Owing to the high correlation between the composite delivery variable and the adherence variable (r = .73), a second factor analysis (principle axis with promax rotation) was computed. Both items loaded onto a single factor that explained 87% of the variance, so a single implementation quality summary variable (IQsum) was computed by equally weighting and averaging delivery and adherence.
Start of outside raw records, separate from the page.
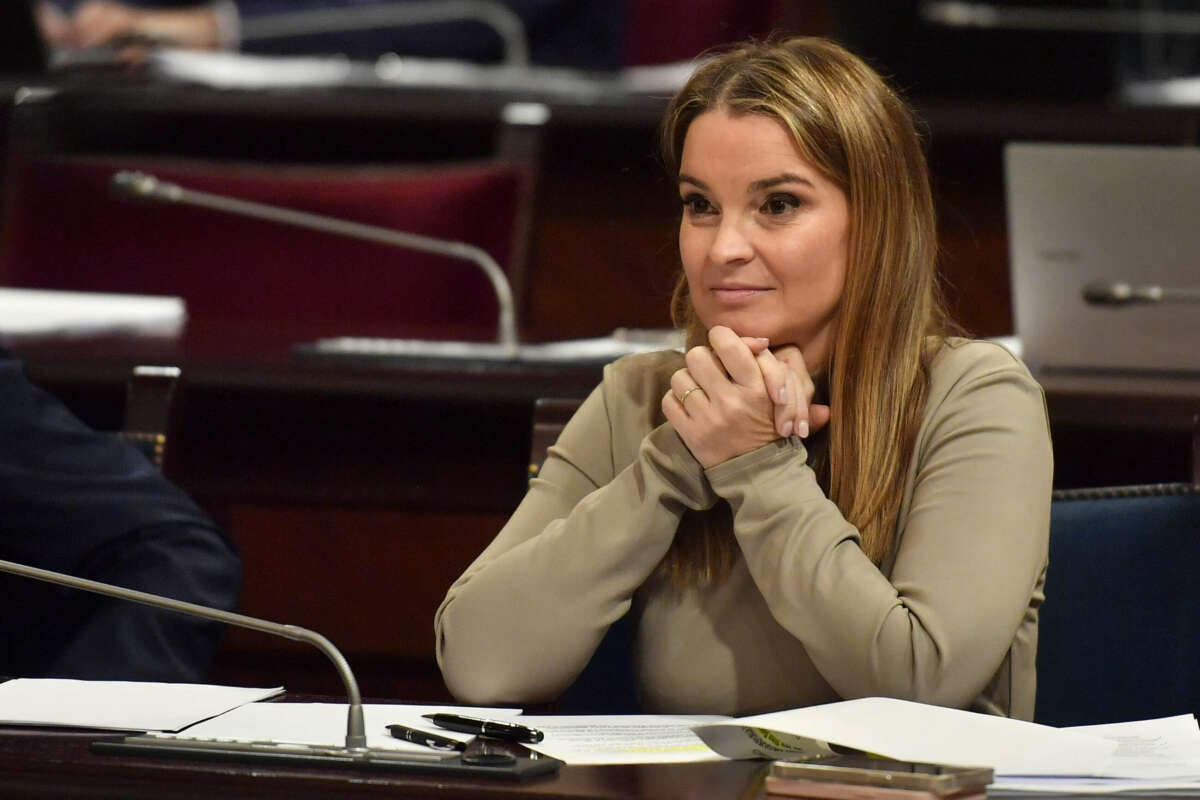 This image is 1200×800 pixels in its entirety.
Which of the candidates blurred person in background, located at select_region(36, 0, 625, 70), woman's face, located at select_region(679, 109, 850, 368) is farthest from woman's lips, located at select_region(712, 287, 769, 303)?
blurred person in background, located at select_region(36, 0, 625, 70)

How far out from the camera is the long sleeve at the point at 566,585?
59.3 inches

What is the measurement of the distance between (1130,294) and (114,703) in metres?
1.35

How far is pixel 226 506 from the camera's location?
7.54 ft

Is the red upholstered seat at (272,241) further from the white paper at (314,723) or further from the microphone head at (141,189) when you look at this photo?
the white paper at (314,723)

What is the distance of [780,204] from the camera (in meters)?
1.55

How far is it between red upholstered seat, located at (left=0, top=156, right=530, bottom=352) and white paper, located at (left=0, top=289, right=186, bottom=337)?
0.26 metres

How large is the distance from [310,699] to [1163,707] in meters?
0.79

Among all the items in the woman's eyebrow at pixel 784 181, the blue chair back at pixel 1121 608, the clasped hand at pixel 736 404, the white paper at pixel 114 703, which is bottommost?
the white paper at pixel 114 703

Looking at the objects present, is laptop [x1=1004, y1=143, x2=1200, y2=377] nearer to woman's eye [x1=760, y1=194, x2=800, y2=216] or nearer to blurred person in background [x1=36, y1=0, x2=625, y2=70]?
woman's eye [x1=760, y1=194, x2=800, y2=216]

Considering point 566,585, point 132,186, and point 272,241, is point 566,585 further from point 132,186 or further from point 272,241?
point 272,241

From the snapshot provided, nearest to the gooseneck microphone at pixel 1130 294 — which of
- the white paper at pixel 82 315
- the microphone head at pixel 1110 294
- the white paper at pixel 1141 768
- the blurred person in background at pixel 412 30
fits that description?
the microphone head at pixel 1110 294

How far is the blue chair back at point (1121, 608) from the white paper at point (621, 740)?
1.51 feet

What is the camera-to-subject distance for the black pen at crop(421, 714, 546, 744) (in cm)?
121

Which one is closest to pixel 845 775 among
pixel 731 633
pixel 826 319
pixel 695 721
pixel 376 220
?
pixel 695 721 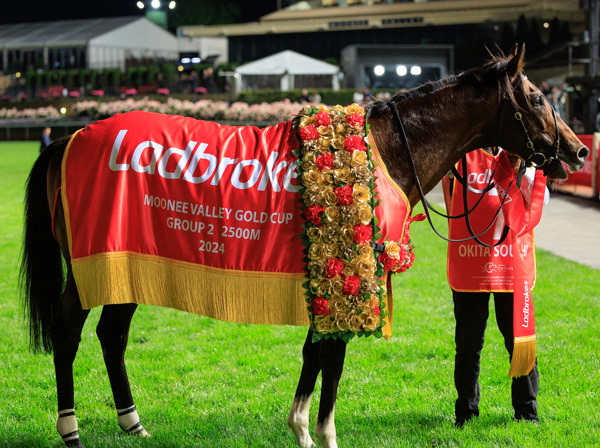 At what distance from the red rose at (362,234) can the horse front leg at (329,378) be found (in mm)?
478

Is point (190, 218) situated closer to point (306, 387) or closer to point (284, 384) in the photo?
point (306, 387)

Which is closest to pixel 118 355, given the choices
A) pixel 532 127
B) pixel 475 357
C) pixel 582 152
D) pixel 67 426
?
pixel 67 426

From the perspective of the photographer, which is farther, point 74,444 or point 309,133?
point 74,444

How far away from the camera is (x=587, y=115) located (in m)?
14.5

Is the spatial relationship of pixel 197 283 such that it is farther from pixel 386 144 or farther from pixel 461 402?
pixel 461 402

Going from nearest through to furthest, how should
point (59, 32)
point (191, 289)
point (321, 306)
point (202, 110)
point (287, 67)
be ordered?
point (321, 306), point (191, 289), point (202, 110), point (287, 67), point (59, 32)

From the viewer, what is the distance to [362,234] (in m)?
2.78

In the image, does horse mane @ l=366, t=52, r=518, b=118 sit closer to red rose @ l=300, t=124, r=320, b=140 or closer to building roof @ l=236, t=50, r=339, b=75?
red rose @ l=300, t=124, r=320, b=140

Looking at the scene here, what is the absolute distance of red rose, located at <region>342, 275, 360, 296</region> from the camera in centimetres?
277

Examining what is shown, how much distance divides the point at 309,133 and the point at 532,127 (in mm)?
1064

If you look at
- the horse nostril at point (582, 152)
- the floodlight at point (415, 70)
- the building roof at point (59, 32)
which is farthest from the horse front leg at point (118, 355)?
the building roof at point (59, 32)

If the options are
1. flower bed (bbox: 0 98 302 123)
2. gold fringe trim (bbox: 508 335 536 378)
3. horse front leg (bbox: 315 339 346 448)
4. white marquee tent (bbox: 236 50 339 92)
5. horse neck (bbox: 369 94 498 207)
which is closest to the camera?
horse front leg (bbox: 315 339 346 448)

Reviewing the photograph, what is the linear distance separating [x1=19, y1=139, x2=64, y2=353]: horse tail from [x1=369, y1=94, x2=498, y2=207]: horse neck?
1.76 m

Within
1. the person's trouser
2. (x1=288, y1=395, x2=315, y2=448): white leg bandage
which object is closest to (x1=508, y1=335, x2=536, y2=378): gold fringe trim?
the person's trouser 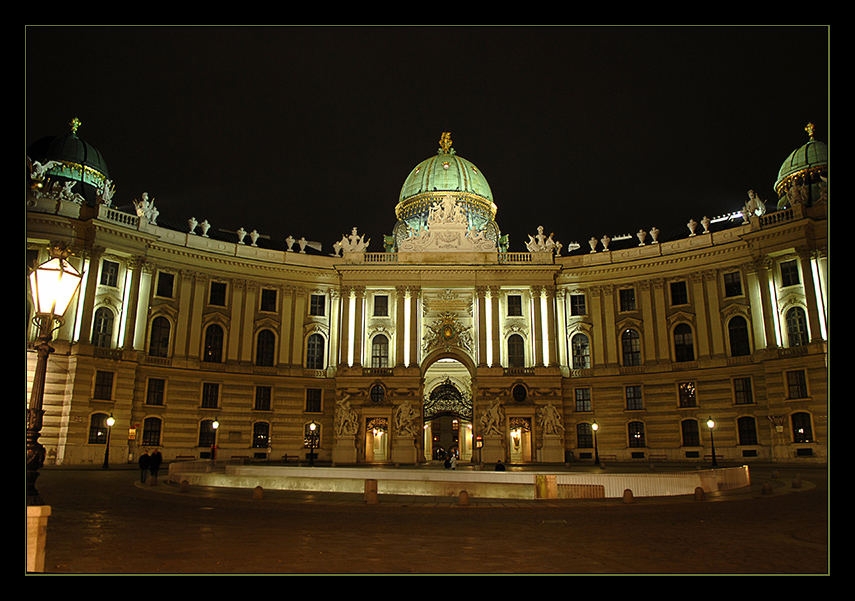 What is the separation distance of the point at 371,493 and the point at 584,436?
37.0 meters

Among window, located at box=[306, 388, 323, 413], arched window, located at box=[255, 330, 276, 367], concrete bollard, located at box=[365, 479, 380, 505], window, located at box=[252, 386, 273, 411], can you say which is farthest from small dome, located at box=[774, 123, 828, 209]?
concrete bollard, located at box=[365, 479, 380, 505]

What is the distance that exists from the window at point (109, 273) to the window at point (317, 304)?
51.6ft

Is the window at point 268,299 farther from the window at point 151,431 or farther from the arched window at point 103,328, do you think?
the window at point 151,431

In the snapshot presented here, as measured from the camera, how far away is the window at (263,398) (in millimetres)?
51153

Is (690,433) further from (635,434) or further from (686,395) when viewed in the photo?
(635,434)

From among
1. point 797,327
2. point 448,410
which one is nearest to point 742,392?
point 797,327

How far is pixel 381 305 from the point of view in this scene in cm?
5438

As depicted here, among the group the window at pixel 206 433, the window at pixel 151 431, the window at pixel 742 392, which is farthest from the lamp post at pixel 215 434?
the window at pixel 742 392

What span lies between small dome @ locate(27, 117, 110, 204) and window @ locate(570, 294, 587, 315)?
4244 cm

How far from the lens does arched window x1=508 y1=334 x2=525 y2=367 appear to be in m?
52.5

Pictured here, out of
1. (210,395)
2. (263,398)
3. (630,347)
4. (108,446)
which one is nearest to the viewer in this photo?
(108,446)

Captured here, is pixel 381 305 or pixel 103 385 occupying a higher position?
pixel 381 305

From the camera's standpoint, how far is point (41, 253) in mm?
42312

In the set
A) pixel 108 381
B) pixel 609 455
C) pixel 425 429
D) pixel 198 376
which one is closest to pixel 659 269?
pixel 609 455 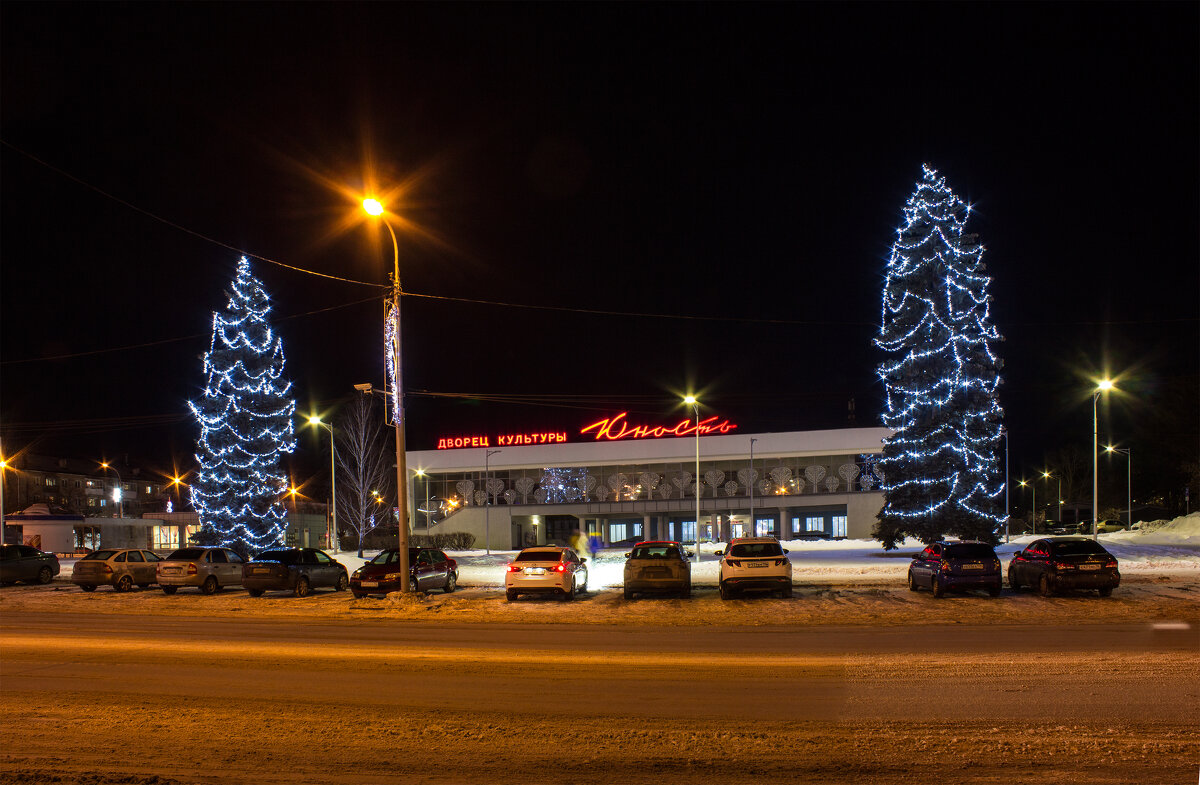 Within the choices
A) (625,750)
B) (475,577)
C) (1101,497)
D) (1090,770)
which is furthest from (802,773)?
(1101,497)

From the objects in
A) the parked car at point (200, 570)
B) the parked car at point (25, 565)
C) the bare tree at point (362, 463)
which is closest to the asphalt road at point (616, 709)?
the parked car at point (200, 570)

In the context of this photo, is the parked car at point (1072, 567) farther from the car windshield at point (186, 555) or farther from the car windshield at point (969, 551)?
the car windshield at point (186, 555)

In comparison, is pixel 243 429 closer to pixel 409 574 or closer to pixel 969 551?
pixel 409 574

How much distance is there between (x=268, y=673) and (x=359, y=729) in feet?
13.5

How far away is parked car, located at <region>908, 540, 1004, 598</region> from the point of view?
21.6 m

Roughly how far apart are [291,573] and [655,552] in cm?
1103

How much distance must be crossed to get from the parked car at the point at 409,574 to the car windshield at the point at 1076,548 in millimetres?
16741

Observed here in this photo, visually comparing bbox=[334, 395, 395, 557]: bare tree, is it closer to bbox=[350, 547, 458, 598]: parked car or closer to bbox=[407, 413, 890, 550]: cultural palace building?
bbox=[407, 413, 890, 550]: cultural palace building

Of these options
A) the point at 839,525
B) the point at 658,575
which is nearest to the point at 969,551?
the point at 658,575

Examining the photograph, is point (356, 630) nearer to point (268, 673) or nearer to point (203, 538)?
point (268, 673)

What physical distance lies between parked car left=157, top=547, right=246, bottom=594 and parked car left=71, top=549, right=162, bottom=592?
133cm

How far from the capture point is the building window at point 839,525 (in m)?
66.2

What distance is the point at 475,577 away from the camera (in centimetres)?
3359

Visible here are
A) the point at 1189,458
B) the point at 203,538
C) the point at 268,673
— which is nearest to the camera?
the point at 268,673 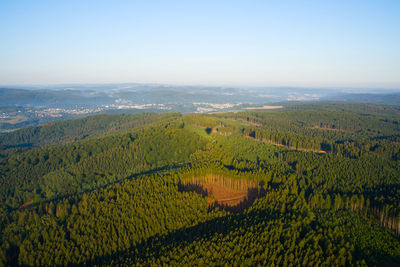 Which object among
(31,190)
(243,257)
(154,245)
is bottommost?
(31,190)

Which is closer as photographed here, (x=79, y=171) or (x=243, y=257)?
(x=243, y=257)

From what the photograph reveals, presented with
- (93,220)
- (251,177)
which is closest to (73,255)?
(93,220)

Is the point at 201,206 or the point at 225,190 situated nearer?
the point at 201,206

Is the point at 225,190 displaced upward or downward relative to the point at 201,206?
downward

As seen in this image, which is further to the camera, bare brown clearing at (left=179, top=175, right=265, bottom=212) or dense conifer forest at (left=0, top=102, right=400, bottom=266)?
bare brown clearing at (left=179, top=175, right=265, bottom=212)

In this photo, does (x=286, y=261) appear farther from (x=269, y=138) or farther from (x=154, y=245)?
(x=269, y=138)

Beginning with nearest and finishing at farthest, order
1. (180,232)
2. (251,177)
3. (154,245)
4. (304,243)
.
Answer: (304,243) → (154,245) → (180,232) → (251,177)

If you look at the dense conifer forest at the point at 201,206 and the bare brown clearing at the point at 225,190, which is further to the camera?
the bare brown clearing at the point at 225,190

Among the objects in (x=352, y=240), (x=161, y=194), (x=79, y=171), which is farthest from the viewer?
(x=79, y=171) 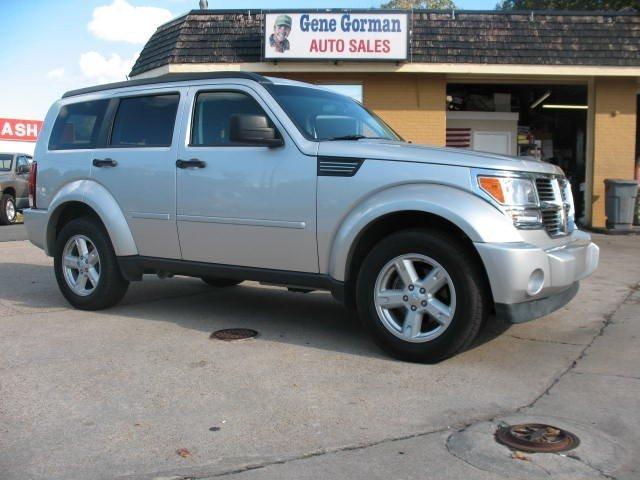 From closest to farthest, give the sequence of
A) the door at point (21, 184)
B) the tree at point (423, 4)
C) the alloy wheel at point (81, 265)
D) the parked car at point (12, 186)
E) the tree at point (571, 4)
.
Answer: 1. the alloy wheel at point (81, 265)
2. the parked car at point (12, 186)
3. the door at point (21, 184)
4. the tree at point (571, 4)
5. the tree at point (423, 4)

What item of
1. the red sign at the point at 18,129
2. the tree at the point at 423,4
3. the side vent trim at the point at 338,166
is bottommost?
the side vent trim at the point at 338,166

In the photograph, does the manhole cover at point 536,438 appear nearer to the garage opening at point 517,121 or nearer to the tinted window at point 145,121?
the tinted window at point 145,121

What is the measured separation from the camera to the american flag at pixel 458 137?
49.3ft

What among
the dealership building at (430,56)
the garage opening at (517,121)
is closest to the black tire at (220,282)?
the dealership building at (430,56)

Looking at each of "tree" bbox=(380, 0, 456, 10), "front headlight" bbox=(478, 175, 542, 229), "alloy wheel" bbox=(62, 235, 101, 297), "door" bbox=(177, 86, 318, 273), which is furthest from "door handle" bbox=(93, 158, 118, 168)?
"tree" bbox=(380, 0, 456, 10)

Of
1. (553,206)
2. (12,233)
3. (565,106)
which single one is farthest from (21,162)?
(553,206)

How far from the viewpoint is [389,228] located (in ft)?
16.0

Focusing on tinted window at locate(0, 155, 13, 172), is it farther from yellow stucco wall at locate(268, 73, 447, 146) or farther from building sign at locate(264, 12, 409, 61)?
building sign at locate(264, 12, 409, 61)

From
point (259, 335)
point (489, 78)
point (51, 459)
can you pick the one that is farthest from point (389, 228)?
point (489, 78)

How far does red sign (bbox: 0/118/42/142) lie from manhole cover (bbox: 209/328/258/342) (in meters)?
38.2

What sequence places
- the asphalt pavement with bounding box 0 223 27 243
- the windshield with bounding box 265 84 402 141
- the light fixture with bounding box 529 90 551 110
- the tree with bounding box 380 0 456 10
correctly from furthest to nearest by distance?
the tree with bounding box 380 0 456 10, the light fixture with bounding box 529 90 551 110, the asphalt pavement with bounding box 0 223 27 243, the windshield with bounding box 265 84 402 141

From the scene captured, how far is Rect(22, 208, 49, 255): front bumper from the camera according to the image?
6.59 m

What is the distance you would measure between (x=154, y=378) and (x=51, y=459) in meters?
1.20

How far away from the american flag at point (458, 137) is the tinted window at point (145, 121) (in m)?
10.0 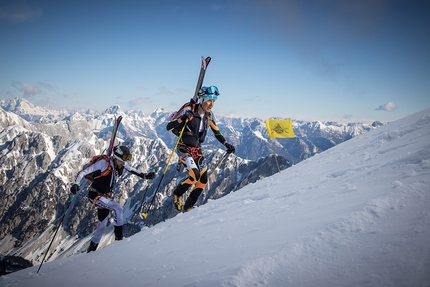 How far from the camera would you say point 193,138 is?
865cm

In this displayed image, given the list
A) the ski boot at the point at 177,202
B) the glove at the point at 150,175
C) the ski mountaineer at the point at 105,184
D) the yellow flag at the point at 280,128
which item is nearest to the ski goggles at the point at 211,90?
the ski mountaineer at the point at 105,184

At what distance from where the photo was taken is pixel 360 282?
1938mm

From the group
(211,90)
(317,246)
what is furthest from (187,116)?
(317,246)

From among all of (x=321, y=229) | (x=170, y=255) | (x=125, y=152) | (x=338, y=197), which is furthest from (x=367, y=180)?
(x=125, y=152)

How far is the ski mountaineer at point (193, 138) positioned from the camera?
830cm

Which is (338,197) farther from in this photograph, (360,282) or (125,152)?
(125,152)

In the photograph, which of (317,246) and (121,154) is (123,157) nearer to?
(121,154)

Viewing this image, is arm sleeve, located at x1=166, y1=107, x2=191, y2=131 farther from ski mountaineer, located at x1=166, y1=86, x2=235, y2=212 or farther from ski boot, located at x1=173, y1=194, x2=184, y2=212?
ski boot, located at x1=173, y1=194, x2=184, y2=212

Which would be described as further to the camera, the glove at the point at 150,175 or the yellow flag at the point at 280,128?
the yellow flag at the point at 280,128

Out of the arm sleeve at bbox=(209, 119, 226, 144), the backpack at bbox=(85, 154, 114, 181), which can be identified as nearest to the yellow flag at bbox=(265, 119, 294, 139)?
the arm sleeve at bbox=(209, 119, 226, 144)

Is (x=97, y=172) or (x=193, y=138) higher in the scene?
(x=193, y=138)

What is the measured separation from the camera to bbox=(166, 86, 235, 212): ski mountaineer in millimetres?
8297

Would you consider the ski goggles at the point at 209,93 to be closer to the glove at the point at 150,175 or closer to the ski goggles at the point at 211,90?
the ski goggles at the point at 211,90

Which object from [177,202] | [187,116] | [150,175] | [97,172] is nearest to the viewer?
[187,116] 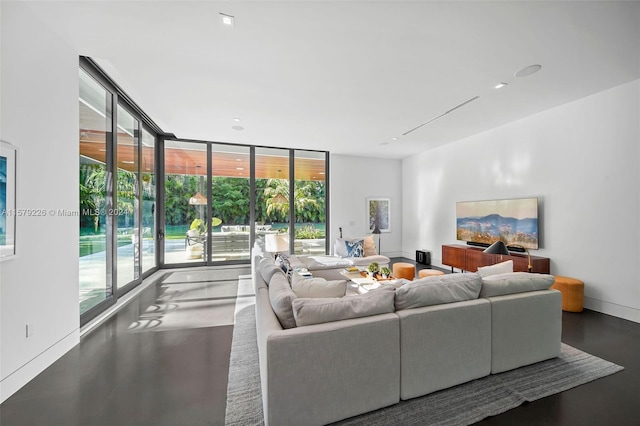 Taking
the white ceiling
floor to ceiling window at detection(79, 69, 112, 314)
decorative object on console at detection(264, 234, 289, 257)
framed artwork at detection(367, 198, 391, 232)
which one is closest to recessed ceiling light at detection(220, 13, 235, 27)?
the white ceiling

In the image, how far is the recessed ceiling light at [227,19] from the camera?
218 centimetres

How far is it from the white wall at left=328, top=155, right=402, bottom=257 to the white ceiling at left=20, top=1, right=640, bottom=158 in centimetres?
303

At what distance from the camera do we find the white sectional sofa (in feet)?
5.16

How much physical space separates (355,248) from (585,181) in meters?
3.99

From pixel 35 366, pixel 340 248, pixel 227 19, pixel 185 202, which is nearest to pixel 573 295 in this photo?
pixel 340 248

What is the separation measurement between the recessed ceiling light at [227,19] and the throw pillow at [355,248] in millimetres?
4772

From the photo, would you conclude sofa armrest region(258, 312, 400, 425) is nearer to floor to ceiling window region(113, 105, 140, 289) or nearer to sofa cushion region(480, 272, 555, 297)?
sofa cushion region(480, 272, 555, 297)

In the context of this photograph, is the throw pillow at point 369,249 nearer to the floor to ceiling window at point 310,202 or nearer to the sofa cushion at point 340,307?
the floor to ceiling window at point 310,202

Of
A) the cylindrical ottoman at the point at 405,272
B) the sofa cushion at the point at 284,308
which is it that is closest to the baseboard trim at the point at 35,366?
the sofa cushion at the point at 284,308

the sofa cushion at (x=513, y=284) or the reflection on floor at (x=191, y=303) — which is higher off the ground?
the sofa cushion at (x=513, y=284)

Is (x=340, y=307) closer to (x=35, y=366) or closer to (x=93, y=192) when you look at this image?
(x=35, y=366)

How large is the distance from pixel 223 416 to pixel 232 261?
515cm

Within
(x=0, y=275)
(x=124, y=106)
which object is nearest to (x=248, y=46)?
(x=0, y=275)

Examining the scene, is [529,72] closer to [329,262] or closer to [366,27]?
[366,27] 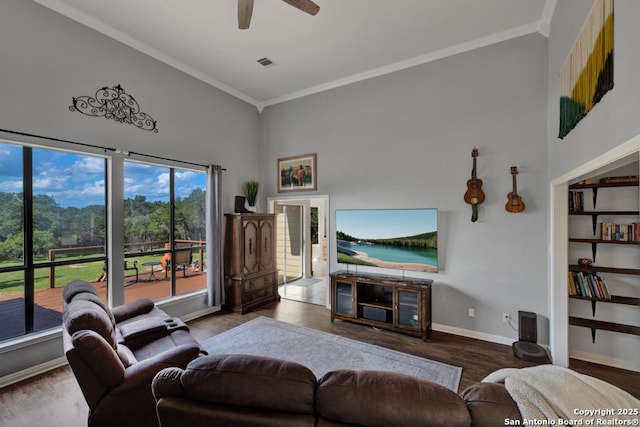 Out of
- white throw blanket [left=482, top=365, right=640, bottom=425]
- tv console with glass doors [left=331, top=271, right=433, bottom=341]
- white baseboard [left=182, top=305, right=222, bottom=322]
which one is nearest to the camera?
white throw blanket [left=482, top=365, right=640, bottom=425]

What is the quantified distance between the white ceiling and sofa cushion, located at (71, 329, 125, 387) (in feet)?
10.7

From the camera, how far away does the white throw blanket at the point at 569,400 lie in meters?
0.87

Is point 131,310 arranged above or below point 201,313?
above

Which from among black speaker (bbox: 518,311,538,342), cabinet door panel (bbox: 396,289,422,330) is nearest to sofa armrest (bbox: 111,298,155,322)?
cabinet door panel (bbox: 396,289,422,330)

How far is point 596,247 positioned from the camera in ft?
9.86

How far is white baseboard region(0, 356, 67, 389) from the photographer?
269 cm

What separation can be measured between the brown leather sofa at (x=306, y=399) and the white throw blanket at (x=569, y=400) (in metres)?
0.05

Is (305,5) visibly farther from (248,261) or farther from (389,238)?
(248,261)

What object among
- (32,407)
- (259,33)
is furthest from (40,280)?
(259,33)

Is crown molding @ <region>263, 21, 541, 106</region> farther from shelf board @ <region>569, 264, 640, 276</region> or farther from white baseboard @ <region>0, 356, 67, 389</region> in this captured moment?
white baseboard @ <region>0, 356, 67, 389</region>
A single summary outcome variable (DVsum) was also computed to allow for an omnibus test of implementation quality on outcomes. The summary outcome variable was the equally-weighted average of efficacy, norms, and drugs and was computed for both waves of data (with efficacy reverse coded for this weighted average).
Linking data sets
Prior to analyses, we linked the implementation data (i.e., coded video data) with student survey data. Under ideal circumstances we would be able to match individual student scores with the specific classrooms in which the program was delivered. However, circumstances precluded a perfect match for all classrooms. To account for the imperfect match, we determined that as long as a match was likely between implementation data and individual student data (e.g., a teacher delivered kiR to only one class of students within a school, teachers delivered kiR to multiple classes but provided information linking the video and student data, teacher delivered information to multiple classes but information linking video and student data could be inferred from information provided by teachers), we used individual class level data. However, where a match was unlikely (e.g., teachers taught kiR to more than one class but provided inconsistent, little or no corroborating information), we used data for the entire school. Following these guidelines, we matched 68% of the cases using individual class level data and for the remaining 32% of cases used school level outcome data.
Missing data
Missing data occurred almost exclusively within the data for the individual students. In order to take best advantage of partial data, and to limit biases, we employed multiple imputation (MI) with SAS (version 9.2) Proc MI following guidelines in Graham (2012). In order to take the school structure into account, we created dummy variables for school membership to be included in the imputation analysis. In order to maximize statistical power compared to the equivalent ML analysis, we generated a total of m = 200 data sets (see Graham, Olchowski, & Gilreath, 2007). Following Graham (2012), half of these were imputed including the school-membership dummy codes, and half were imputed omitting the dummy variables. This procedure has been found to produce realistic, but slightly conservative estimates of the intraclass correlation (ICC). For both models, the EM convergence criterion was set to .00001, following Graham (2012). When the dummy variables were included, EM (MLE) converged normally in 37 iterations. When dummy variables were omitted, EM (MLE) converged normally in 31 iterations. For imputation with both models, we set the number of MCMC burn-in iterations to 500, and the number of MCMC iterations between imputed data sets to 100.
Results
To examine classroom level effects, statistically controlling for school level effects, we used a mixed model design. We used Proc Mixed in SAS (version 9.2) to conduct the analyses. All analyses controlled for initial levels of the dependent variable.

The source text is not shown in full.